DATA EXCERPTS Start Marker
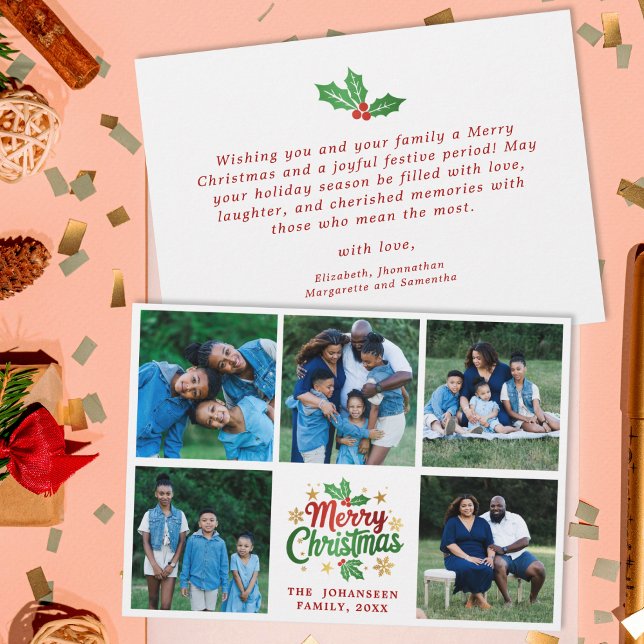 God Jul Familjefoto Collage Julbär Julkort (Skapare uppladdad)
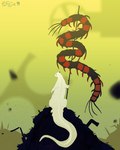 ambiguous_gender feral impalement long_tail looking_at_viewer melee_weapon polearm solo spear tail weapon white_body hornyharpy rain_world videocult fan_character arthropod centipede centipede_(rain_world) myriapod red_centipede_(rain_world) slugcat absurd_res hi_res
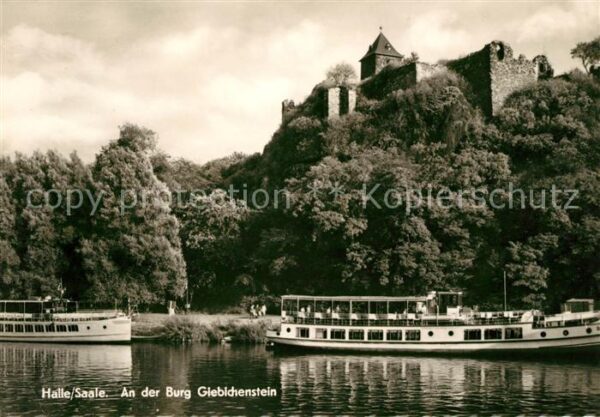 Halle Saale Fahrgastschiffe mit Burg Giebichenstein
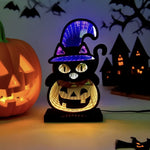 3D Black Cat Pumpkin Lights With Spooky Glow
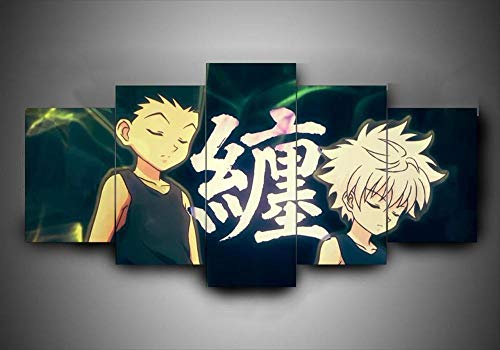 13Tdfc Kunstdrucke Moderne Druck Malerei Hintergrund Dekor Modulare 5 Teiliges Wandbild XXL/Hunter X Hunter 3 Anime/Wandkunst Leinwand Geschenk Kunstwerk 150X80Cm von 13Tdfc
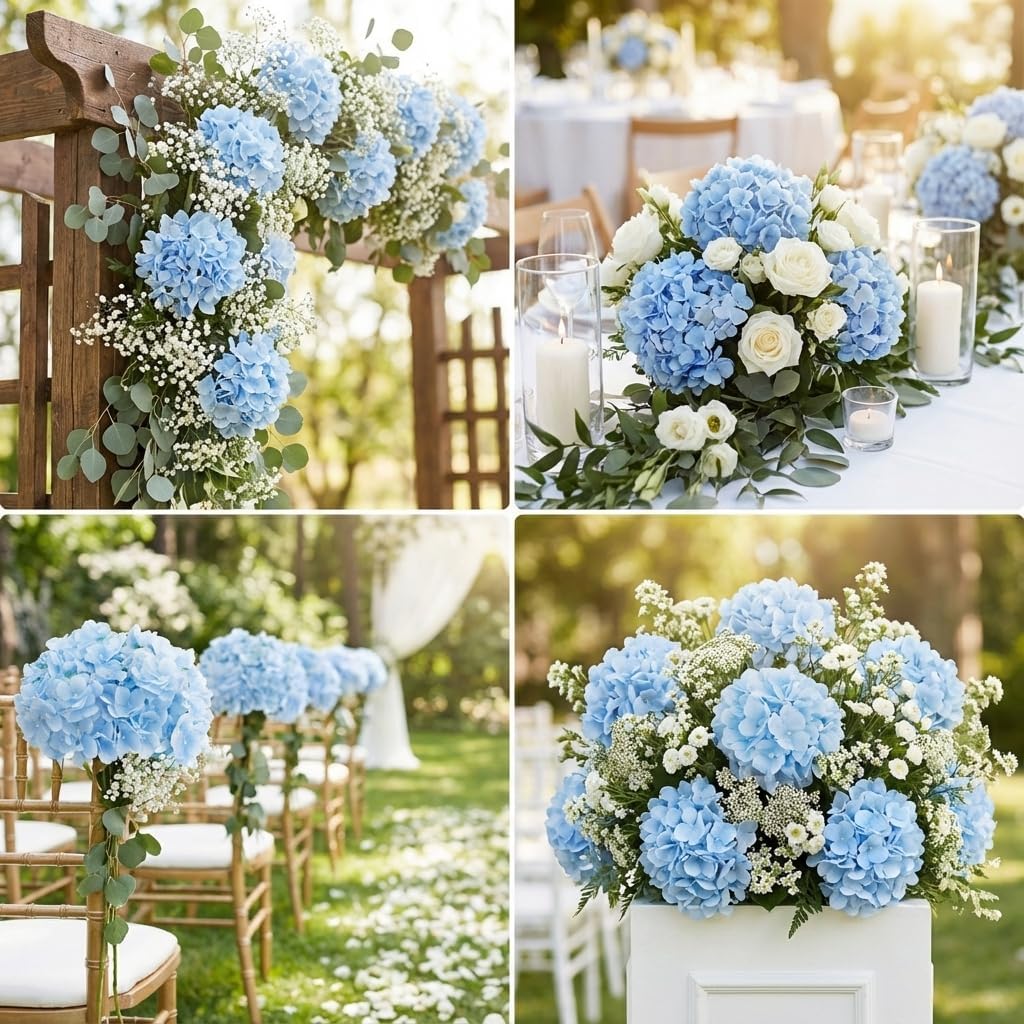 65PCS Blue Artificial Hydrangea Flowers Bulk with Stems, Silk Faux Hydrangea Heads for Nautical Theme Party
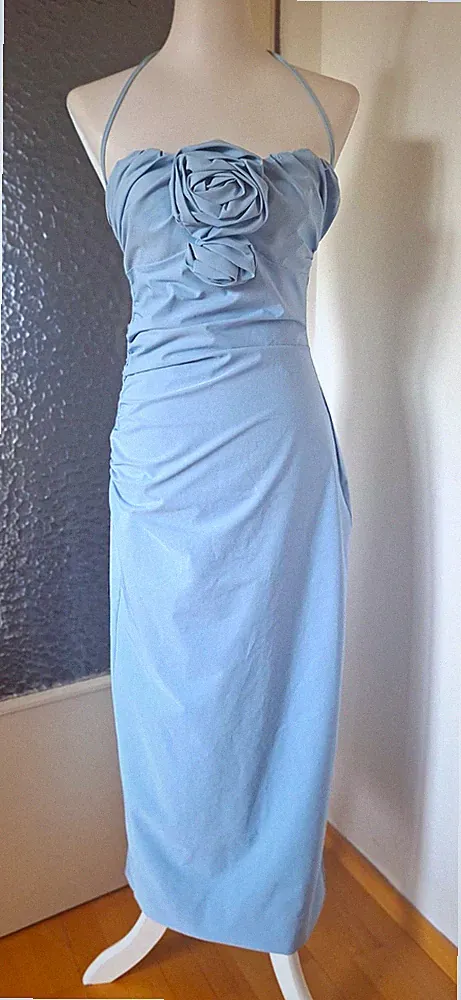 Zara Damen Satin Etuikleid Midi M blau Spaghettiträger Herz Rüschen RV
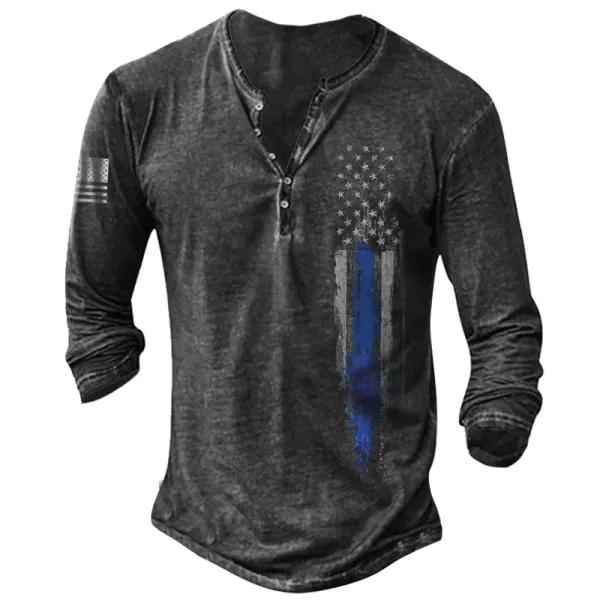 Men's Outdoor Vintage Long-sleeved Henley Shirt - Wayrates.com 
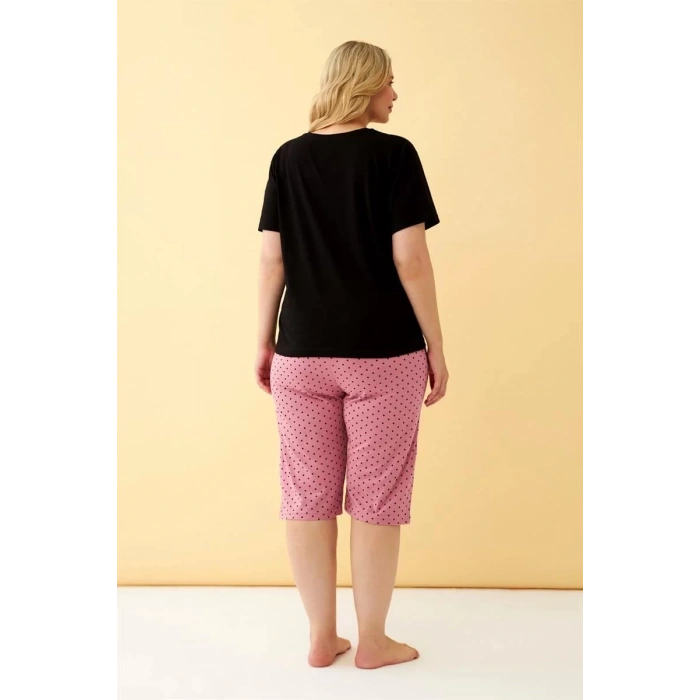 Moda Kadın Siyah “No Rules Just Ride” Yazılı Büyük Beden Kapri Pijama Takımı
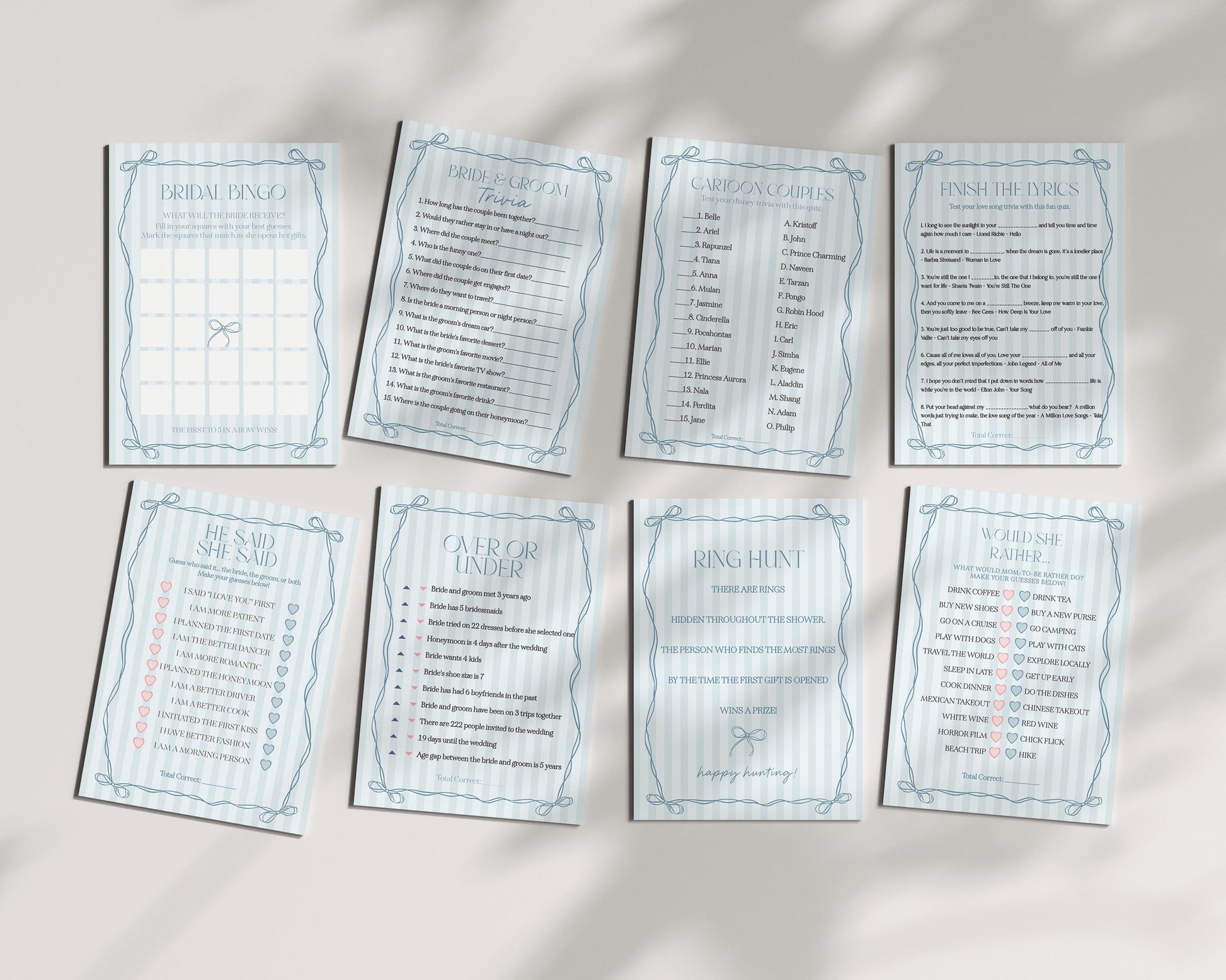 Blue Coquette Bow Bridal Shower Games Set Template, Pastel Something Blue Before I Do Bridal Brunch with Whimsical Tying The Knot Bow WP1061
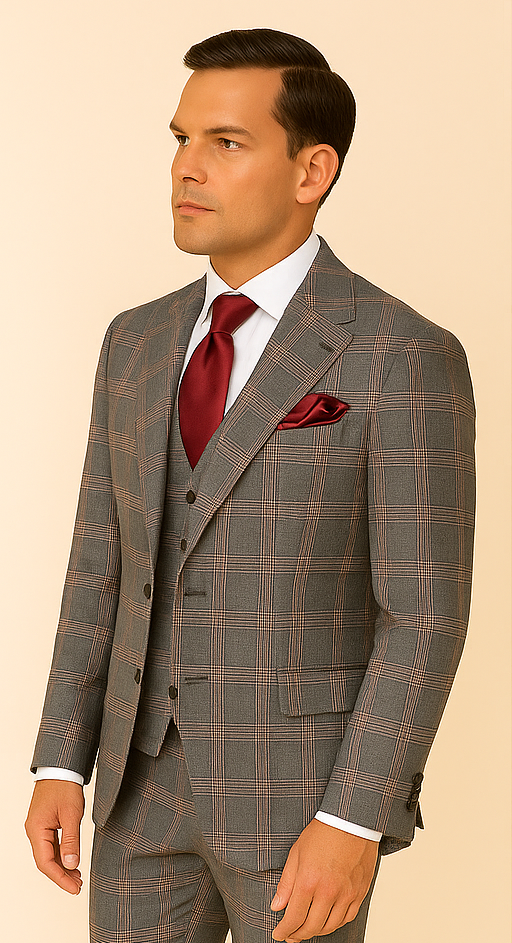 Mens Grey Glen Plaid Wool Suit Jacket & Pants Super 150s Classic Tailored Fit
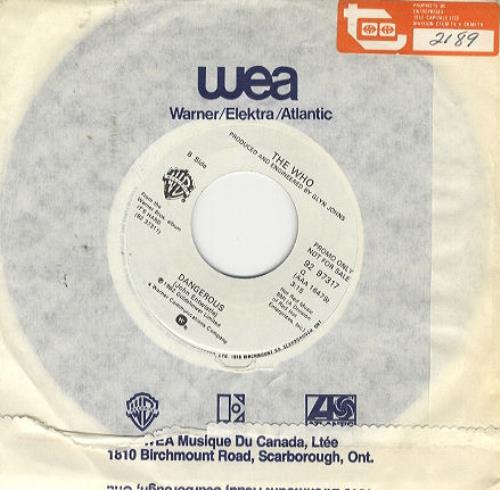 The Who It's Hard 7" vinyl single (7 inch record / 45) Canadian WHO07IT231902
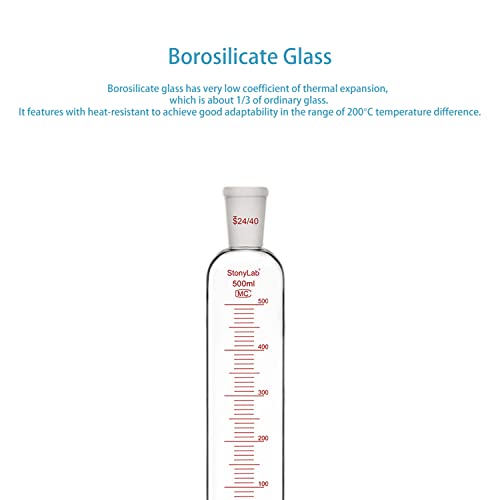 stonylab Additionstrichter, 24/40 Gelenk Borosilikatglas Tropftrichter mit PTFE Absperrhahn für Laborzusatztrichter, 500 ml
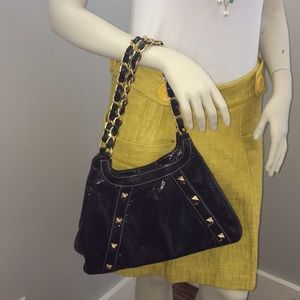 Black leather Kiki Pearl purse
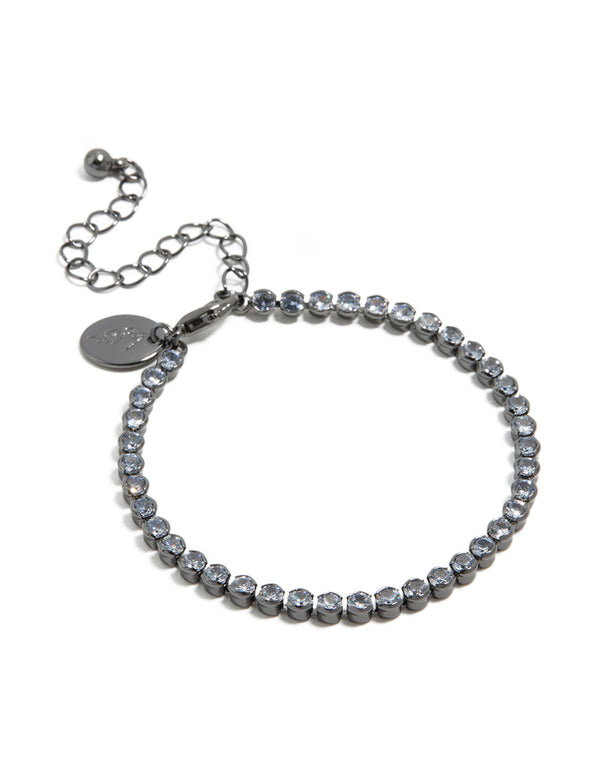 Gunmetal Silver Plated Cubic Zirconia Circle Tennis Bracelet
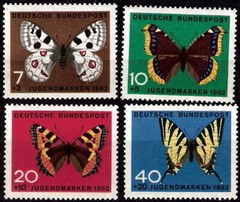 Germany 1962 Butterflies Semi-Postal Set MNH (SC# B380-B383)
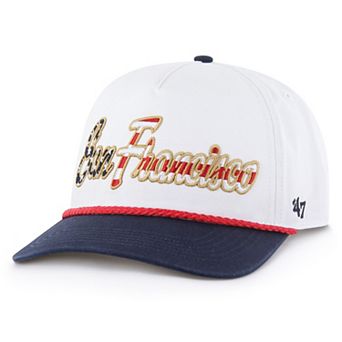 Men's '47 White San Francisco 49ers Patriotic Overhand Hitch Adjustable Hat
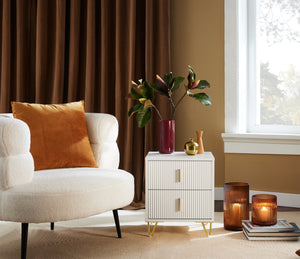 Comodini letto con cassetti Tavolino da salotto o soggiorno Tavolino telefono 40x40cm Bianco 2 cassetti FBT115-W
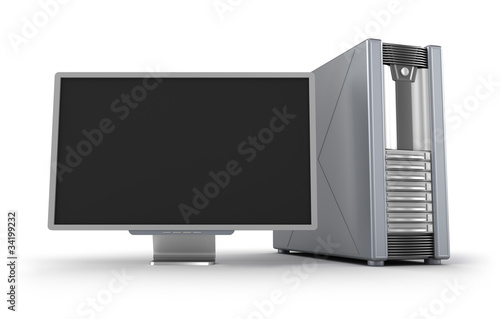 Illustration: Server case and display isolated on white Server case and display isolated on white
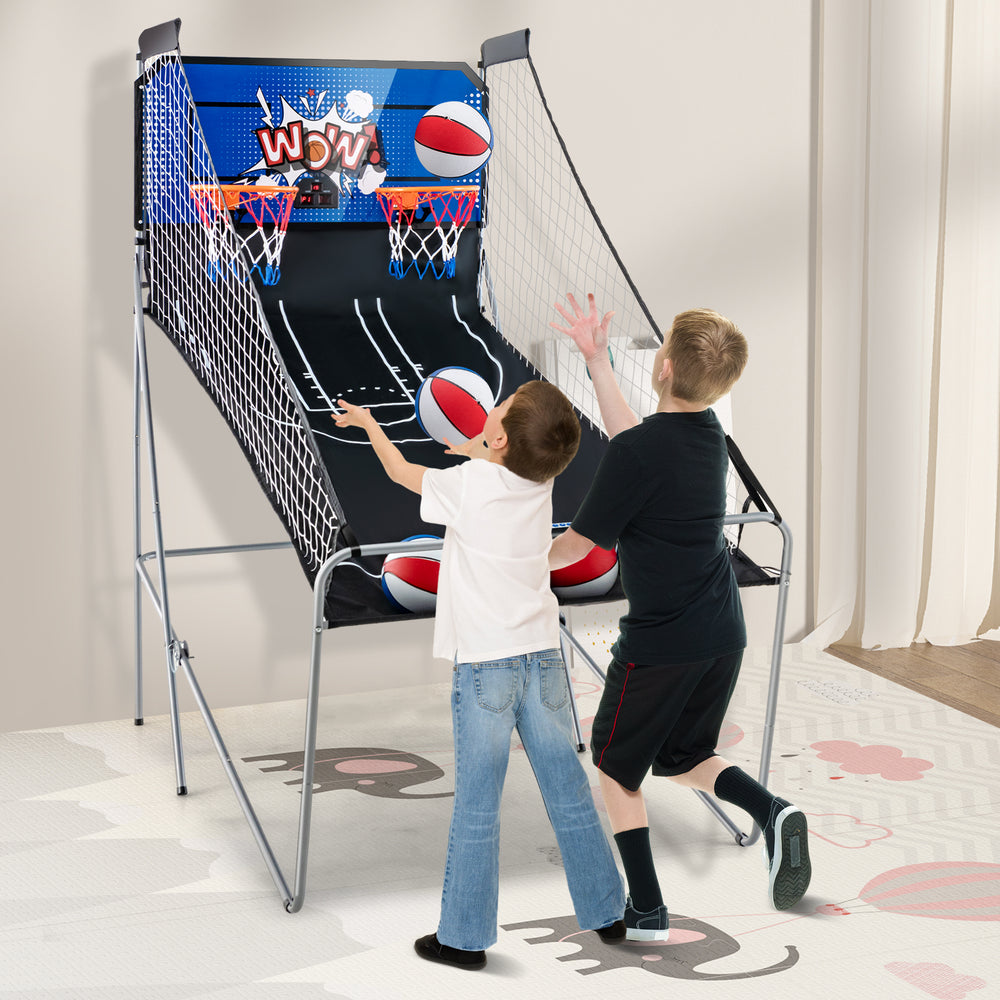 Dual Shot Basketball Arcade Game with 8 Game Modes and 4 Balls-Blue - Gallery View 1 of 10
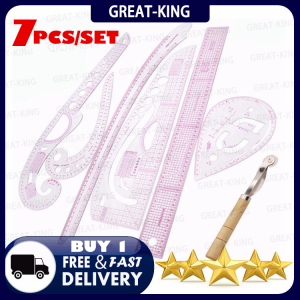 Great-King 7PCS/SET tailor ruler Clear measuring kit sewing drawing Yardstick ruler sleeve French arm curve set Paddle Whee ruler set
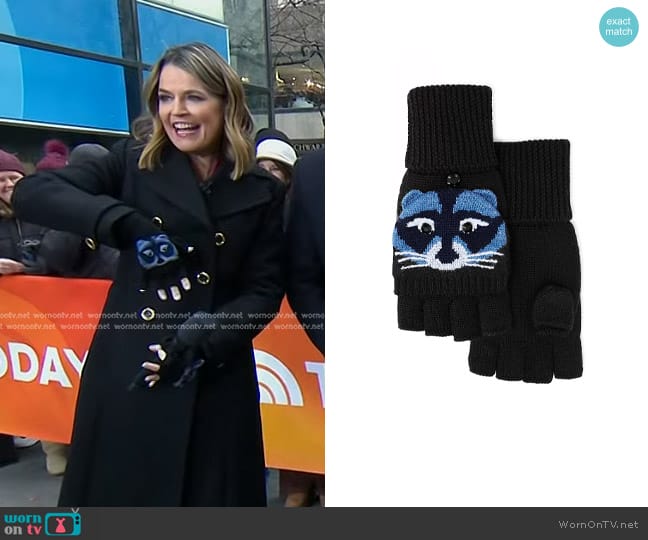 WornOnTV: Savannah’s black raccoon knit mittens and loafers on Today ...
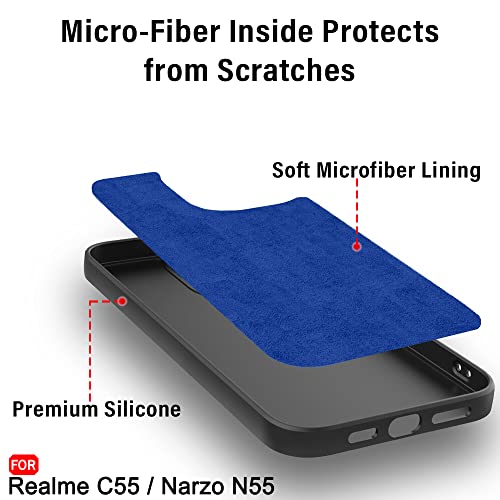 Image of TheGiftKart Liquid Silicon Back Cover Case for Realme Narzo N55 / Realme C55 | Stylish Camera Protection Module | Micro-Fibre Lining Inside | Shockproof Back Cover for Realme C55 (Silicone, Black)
DATA EXCERPTS End Marker
WHAT THE TASK REQUIRES: Quote the records above in full, dropping each picture.

EXERCISE RESPONSE:
 God Jul Familjefoto Collage Julbär Julkort (Skapare uppladdad)
 ambiguous_gender feral impalement long_tail looking_at_viewer melee_weapon polearm solo spear tail weapon white_body hornyharpy rain_world videocult fan_character arthropod centipede centipede_(rain_world) myriapod red_centipede_(rain_world) slugcat absurd_res hi_res
 Halle Saale Fahrgastschiffe mit Burg Giebichenstein
 3D Black Cat Pumpkin Lights With Spooky Glow
 13Tdfc Kunstdrucke Moderne Druck Malerei Hintergrund Dekor Modulare 5 Teiliges Wandbild XXL/Hunter X Hunter 3 Anime/Wandkunst Leinwand Geschenk Kunstwerk 150X80Cm von 13Tdfc
 65PCS Blue Artificial Hydrangea Flowers Bulk with Stems, Silk Faux Hydrangea Heads for Nautical Theme Party
 Zara Damen Satin Etuikleid Midi M blau Spaghettiträger Herz Rüschen RV
 Men's Outdoor Vintage Long-sleeved Henley Shirt - Wayrates.com 
 Moda Kadın Siyah “No Rules Just Ride” Yazılı Büyük Beden Kapri Pijama Takımı
 Blue Coquette Bow Bridal Shower Games Set Template, Pastel Something Blue Before I Do Bridal Brunch with Whimsical Tying The Knot Bow WP1061
 Mens Grey Glen Plaid Wool Suit Jacket & Pants Super 150s Classic Tailored Fit
 The Who It's Hard 7" vinyl single (7 inch record / 45) Canadian WHO07IT231902
 stonylab Additionstrichter, 24/40 Gelenk Borosilikatglas Tropftrichter mit PTFE Absperrhahn für Laborzusatztrichter, 500 ml
 Black leather Kiki Pearl purse
 Gunmetal Silver Plated Cubic Zirconia Circle Tennis Bracelet
 Germany 1962 Butterflies Semi-Postal Set MNH (SC# B380-B383)
 Men's '47 White San Francisco 49ers Patriotic Overhand Hitch Adjustable Hat
 Comodini letto con cassetti Tavolino da salotto o soggiorno Tavolino telefono 40x40cm Bianco 2 cassetti FBT115-W
 Illustration: Server case and display isolated on white Server case and display isolated on white
 Dual Shot Basketball Arcade Game with 8 Game Modes and 4 Balls-Blue - Gallery View 1 of 10
 Great-King 7PCS/SET tailor ruler Clear measuring kit sewing drawing Yardstick ruler sleeve French arm curve set Paddle Whee ruler set
 WornOnTV: Savannah’s black raccoon knit mittens and loafers on Today ...
 Image of TheGiftKart Liquid Silicon Back Cover Case for Realme Narzo N55 / Realme C55 | Stylish Camera Protection Module | Micro-Fibre Lining Inside | Shockproof Back Cover for Realme C55 (Silicone, Black)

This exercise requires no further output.